[What you have to do]
Once the line with "Geely Coolray I, 2024" is found in the data, output it and each following line exactly, up to and including the line with "Minnie : Amie", and nothing before or after.

[Materials provided]
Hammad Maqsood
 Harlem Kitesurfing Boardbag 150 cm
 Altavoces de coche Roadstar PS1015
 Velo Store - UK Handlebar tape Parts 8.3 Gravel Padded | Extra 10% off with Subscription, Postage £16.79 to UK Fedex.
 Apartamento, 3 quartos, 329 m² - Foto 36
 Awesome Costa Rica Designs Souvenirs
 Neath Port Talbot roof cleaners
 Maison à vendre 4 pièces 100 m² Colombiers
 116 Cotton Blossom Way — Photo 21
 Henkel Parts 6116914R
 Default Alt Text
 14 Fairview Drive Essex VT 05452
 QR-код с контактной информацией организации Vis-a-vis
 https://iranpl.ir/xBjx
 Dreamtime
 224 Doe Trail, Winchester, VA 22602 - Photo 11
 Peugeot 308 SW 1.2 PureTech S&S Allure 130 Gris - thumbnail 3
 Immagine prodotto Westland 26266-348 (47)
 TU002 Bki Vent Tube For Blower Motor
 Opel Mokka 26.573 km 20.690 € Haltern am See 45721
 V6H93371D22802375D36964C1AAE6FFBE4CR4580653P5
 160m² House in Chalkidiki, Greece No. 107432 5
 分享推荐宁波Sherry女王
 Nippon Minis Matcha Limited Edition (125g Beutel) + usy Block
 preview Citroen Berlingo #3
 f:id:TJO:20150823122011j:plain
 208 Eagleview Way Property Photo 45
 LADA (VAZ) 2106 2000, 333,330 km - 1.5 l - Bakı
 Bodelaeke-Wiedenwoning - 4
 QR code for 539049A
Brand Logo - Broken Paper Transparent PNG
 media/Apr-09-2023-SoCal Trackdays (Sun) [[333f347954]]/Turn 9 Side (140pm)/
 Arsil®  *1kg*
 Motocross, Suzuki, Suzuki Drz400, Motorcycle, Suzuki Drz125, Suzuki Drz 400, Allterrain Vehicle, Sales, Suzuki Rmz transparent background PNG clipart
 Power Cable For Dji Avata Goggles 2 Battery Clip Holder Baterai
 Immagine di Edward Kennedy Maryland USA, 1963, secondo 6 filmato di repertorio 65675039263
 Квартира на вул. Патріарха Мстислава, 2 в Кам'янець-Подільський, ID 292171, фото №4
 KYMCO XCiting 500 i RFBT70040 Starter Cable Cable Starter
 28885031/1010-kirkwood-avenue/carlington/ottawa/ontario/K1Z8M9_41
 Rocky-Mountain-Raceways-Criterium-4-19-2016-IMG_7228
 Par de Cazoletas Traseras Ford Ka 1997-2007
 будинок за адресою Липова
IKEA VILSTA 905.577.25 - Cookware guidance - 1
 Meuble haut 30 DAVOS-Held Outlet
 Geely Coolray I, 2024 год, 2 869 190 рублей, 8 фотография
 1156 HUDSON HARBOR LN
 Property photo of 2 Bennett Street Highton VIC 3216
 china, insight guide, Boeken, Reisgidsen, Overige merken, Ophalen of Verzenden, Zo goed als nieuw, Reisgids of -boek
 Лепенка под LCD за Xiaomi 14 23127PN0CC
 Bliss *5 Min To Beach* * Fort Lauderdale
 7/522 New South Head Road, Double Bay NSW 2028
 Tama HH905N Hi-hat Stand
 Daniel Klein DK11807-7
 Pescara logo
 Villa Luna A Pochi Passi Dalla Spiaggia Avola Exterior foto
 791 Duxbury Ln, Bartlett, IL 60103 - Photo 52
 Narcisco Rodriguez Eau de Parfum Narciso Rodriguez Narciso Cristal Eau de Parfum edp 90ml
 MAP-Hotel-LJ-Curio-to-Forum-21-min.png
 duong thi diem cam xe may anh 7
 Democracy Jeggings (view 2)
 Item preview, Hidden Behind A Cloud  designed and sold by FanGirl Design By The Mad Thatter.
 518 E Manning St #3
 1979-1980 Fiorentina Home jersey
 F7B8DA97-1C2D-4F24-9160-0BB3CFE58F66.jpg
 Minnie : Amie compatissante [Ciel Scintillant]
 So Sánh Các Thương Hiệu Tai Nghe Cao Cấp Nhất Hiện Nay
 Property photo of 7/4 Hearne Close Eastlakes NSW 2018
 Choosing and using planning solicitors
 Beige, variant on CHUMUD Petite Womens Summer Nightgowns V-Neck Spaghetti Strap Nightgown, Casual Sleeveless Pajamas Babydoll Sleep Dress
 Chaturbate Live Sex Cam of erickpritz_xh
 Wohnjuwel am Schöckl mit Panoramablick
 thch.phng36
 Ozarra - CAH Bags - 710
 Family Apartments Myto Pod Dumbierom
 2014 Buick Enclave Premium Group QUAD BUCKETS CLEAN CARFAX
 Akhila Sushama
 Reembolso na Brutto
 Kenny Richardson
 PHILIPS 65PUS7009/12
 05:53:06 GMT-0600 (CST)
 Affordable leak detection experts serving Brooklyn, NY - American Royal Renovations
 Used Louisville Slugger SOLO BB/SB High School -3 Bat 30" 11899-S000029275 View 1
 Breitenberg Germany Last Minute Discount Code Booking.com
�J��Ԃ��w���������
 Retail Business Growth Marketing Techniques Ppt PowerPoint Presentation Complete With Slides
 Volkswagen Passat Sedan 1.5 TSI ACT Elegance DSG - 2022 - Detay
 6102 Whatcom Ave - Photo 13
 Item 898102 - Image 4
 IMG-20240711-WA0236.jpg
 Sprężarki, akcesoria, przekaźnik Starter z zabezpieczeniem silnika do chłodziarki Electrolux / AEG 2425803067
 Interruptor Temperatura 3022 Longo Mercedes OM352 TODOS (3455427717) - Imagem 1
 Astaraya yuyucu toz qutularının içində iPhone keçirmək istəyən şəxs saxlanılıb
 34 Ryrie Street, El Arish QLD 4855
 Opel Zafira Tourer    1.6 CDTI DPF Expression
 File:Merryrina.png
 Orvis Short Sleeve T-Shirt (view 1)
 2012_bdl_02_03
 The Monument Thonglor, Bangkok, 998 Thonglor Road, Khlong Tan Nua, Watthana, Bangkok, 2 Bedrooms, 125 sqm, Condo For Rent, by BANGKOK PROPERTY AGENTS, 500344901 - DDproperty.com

[Reply]
 Geely Coolray I, 2024 год, 2 869 190 рублей, 8 фотография
 1156 HUDSON HARBOR LN
 Property photo of 2 Bennett Street Highton VIC 3216
 china, insight guide, Boeken, Reisgidsen, Overige merken, Ophalen of Verzenden, Zo goed als nieuw, Reisgids of -boek
 Лепенка под LCD за Xiaomi 14 23127PN0CC
 Bliss *5 Min To Beach* * Fort Lauderdale
 7/522 New South Head Road, Double Bay NSW 2028
 Tama HH905N Hi-hat Stand
 Daniel Klein DK11807-7
 Pescara logo
 Villa Luna A Pochi Passi Dalla Spiaggia Avola Exterior foto
 791 Duxbury Ln, Bartlett, IL 60103 - Photo 52
 Narcisco Rodriguez Eau de Parfum Narciso Rodriguez Narciso Cristal Eau de Parfum edp 90ml
 MAP-Hotel-LJ-Curio-to-Forum-21-min.png
 duong thi diem cam xe may anh 7
 Democracy Jeggings (view 2)
 Item preview, Hidden Behind A Cloud  designed and sold by FanGirl Design By The Mad Thatter.
 518 E Manning St #3
 1979-1980 Fiorentina Home jersey
 F7B8DA97-1C2D-4F24-9160-0BB3CFE58F66.jpg
 Minnie : Amie compatissante [Ciel Scintillant]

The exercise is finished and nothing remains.